Given data

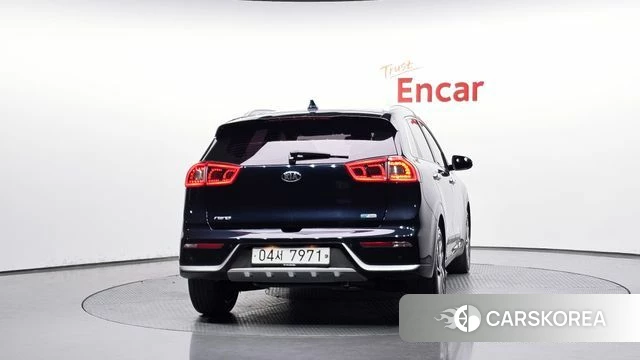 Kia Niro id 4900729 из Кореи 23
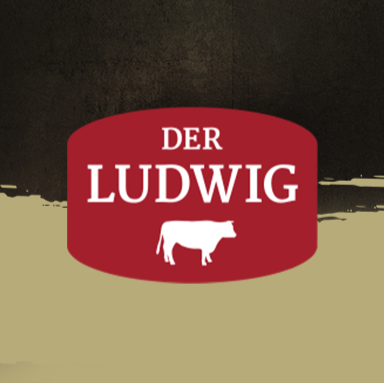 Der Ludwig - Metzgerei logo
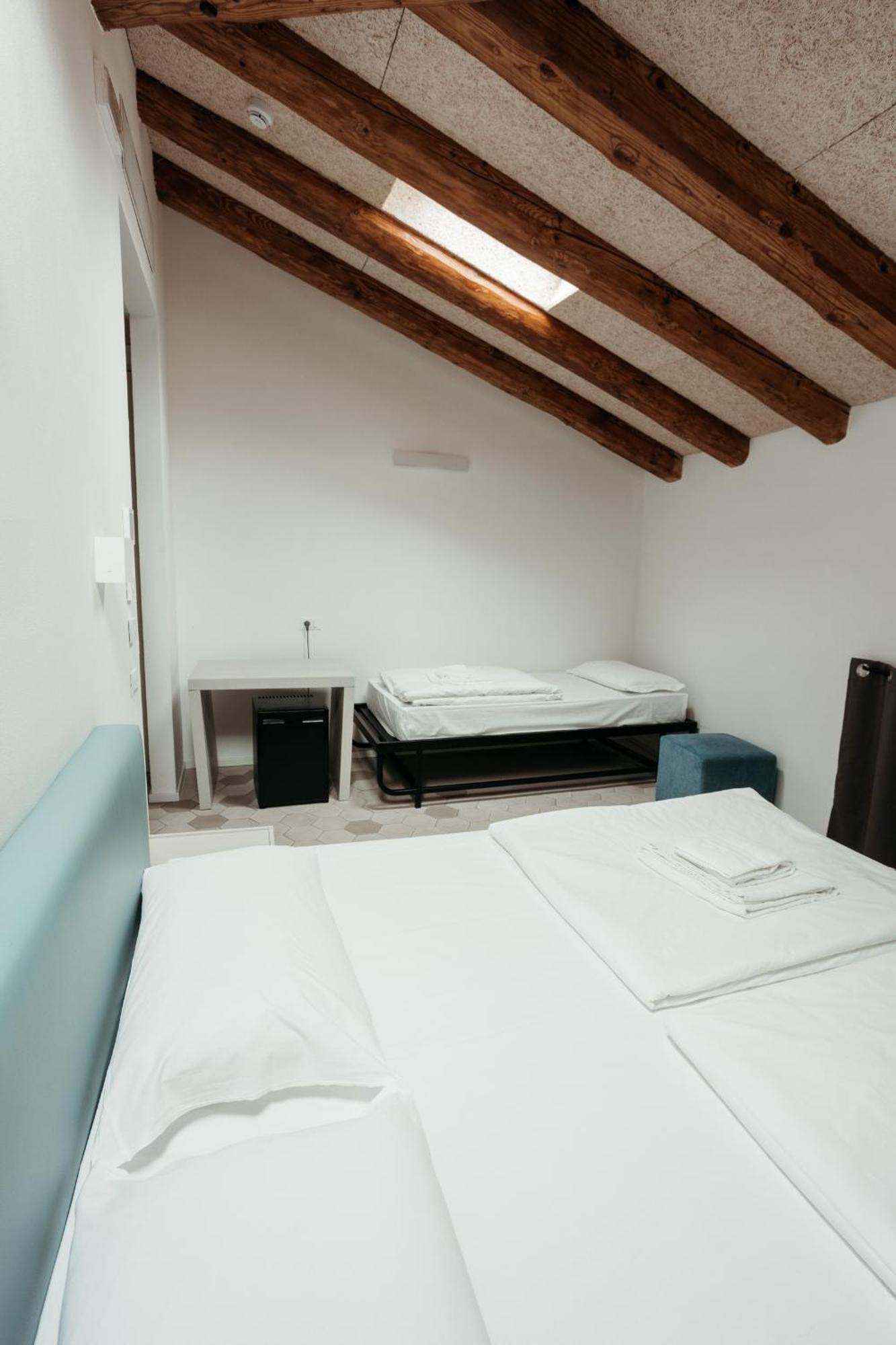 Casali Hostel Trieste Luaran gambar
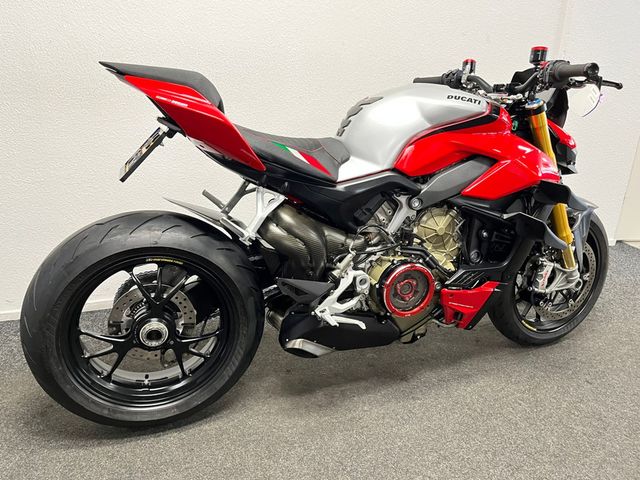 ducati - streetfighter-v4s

Task item
Every line of the data above should be returned exactly, with the pictures removed.

Exercise answer
 Kia Niro id 4900729 из Кореи 23
 Der Ludwig - Metzgerei logo
 Casali Hostel Trieste Luaran gambar
 ducati - streetfighter-v4s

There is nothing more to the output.